"Sik, lagi mampir agen Simpang Depok...", selarik balasan dari teks 'centang biru' yg ku layangkan pada seorang teman pagi itu. Sontak, Aku tak bisa terdiam dengan posisi awalku, rasa kaget atas dasar heran semu tak percaya menggugah syaraf ini dari keadaan 'ngglethek'.
Puasa
pertama masih menyisakan jam panjang untuk sampai pada jadwal ngabuburit.
Artinya, masih harus melewatkan beberapa minggu lagi untuk mencapai tanggal
musim mudik.
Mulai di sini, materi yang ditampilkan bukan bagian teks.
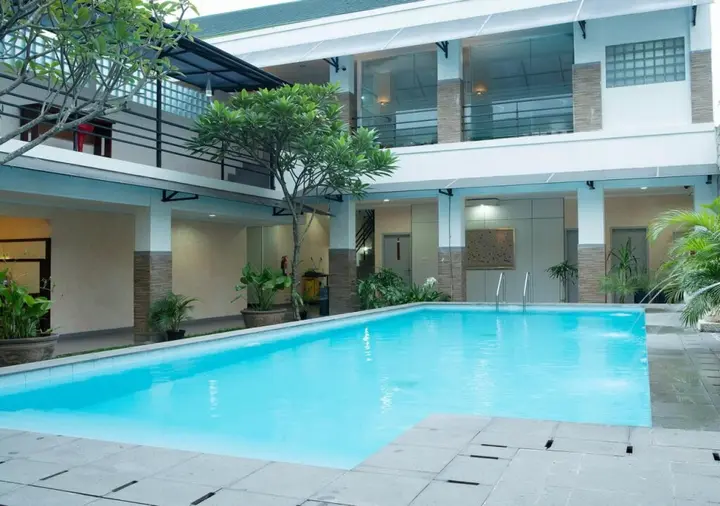 Суракарта: Dinasty Smart Hotel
Pun pricelist sebagian PO sudah ada yg turun, namun berburu tiket
dari sekarang tidakkah terlalu dini?
Sayang,
ekspetasiku malah melenceng, sesampainya dari agen, temanku harus rela dengan
sisa satu kursi di tanggal 10 besok, sedang rencana untuk 'mudik gasik' pada tanggal 8-9 harus terkubur imbas kursi di data list
agen sudah terlingkari lebih awal.
Lagi-lagi
Aku terlena akibat kesombonganku, dua tahun terakhir Aku hanya pasrah diri pada
bis rombongan yg membawaku menuju kampung halaman, harusnya sadar diriku
mengilhami bahwasanya sebanyak dua kali arus mudik itu Aku melewatkan
perkembangan pasar tiket bis di hari lebaran.
Pun begitu,
apa boleh buat, Aku bukanlah seorang yg tercatat sebagai karyawan di sektor
formal, yg dengan gampangnya menentukan tanggal kepulangan mereka setelah
kalender cuti bersama perusahaannya diturunkan. Sedangkan Aku yg hanya
menghambakan jalan rizki pada mandor, yg belum ada titik terang kapan proyek
akan kelar, jelas bukan hal mudah bagiku mendaftarkan diri beserta Down Payment
pada sebuah nama bis. Bisa saja Aku pulang lebih awal, atau malah paling mepet
hari H lebaran.
Ah, rasanya
Aku dihakimi oleh diri sendiri. Semua itu bagai sebuah pembelaan semata, bukan
perkara itu yg membuatku mengurungkan niat mencalonkan diri sebagai penumpanng.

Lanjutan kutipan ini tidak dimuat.